#### [SOURCE MATERIAL]
^^^^^^^^^^^^^^^^
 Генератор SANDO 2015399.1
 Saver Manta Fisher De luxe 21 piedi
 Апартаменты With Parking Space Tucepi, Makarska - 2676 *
^^^^^^^^^^^^^^^^
#### [PROBLEM REQUIREMENTS]
Taking no liberties, give the material above again in full.

#### [ANSWER SECTION]
 Генератор SANDO 2015399.1
 Saver Manta Fisher De luxe 21 piedi
 Апартаменты With Parking Space Tucepi, Makarska - 2676 *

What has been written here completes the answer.